Out-of-Time-Order Correlation at a Quantum Phase Transition
Huitao Shen, Pengfei Zhang, Ruihua Fan, Hui Zhai
TL;DR
This work investigates chaos in the 1D Bose-Hubbard system via out-of-time-order correlators (OTOCs) to probe quantum critical dynamics. Using exact diagonalization, the authors show the Lyapunov exponent $\lambda_L$ exhibits a broad peak near the quantum critical region at finite temperature, approaching the chaos bound $\lambda_L \le 2\pi/\beta$, consistent with a proposed Quantum Critical Point (QCP) Conjecture that critical fluctuations maximize scrambling. They connect OTOC growth to second Rényi entropy growth through the OTOC-RE theorem and provide a conformal-field-theory expression $S_A^{(2)}(t)=\frac{c}{8}\log(\sinh(\pi T t))$ with asymptotic linear-in-time behavior, supporting exponential OTOC deviations. The paper also outlines a practical two-copy interference protocol to measure OTOCs without Hamiltonian inversion and discusses the butterfly velocity $v_B$ and finite-size effects, highlighting experimental routes in cold-atom Bose-Hubbard setups to test quantum-chaotic dynamics near criticality.
Abstract
In this paper we numerically calculate the out-of-time-order correlation functions in the one-dimensional Bose-Hubbard model. Our study is motivated by the conjecture that a system with Lyapunov exponent saturating the upper bound $2π/β$ will have a holographic dual to a black hole at finite temperature.

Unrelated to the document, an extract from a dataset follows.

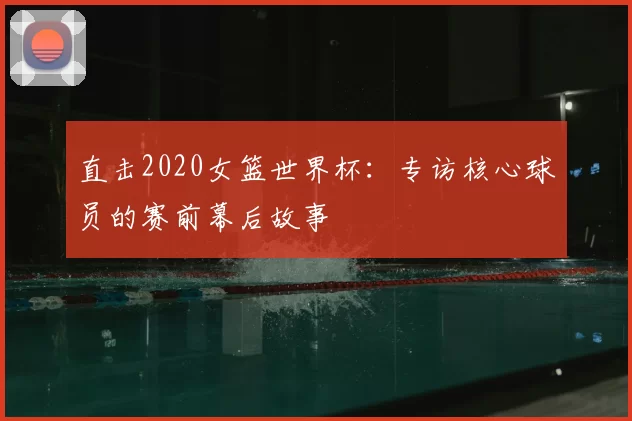 直击2020女篮世界杯:专访核心球员的赛前幕后故事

We further conjecture that for a many-body quantum system with a quantum phase transition, the Lyapunov exponent will have a peak in the quantum critical region where there exists an emergent conformal symmetry and is absent of well-defined quasi-particles. With the help of a relation between the Rényi entropy and the out-of-time-order correlation function, we argue that the out-of-time-order correlation function of the Bose-Hubbard model will also exhibit an exponential behavior at the scrambling time. By fitting the numerical results with an exponential function, we extract the Lyapunov exponents in the one-dimensional Bose-Hubbard model across the quantum critical regime at finite temperature. Our results on the Bose-Hubbard model support the conjecture. We also compute the butterfly velocity and propose how the echo type measurement of this correlator in the cold atom realizations of the Bose-Hubbard model without inverting the Hamiltonian.